→ BRIEF:
Please give again, exactly and only, the stretch of lines from the one containing "aus textilem Canvas-Material" to the end of the entries below.

▽

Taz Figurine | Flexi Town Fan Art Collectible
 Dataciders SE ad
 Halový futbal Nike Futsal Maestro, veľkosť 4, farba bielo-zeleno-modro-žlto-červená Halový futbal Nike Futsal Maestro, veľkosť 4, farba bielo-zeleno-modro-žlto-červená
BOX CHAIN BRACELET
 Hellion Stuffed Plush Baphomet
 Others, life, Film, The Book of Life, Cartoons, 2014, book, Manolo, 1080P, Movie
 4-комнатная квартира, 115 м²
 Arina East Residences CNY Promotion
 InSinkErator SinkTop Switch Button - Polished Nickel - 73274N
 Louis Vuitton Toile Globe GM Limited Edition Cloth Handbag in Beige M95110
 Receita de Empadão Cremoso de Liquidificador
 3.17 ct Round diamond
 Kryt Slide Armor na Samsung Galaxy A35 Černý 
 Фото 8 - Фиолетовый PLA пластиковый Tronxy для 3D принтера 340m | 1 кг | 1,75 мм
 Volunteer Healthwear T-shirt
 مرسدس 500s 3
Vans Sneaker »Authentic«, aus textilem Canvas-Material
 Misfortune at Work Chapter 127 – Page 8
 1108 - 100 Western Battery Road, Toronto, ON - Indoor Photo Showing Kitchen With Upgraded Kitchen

△

→ EXERCISE RESULT:
Vans Sneaker »Authentic«, aus textilem Canvas-Material
 Misfortune at Work Chapter 127 – Page 8
 1108 - 100 Western Battery Road, Toronto, ON - Indoor Photo Showing Kitchen With Upgraded Kitchen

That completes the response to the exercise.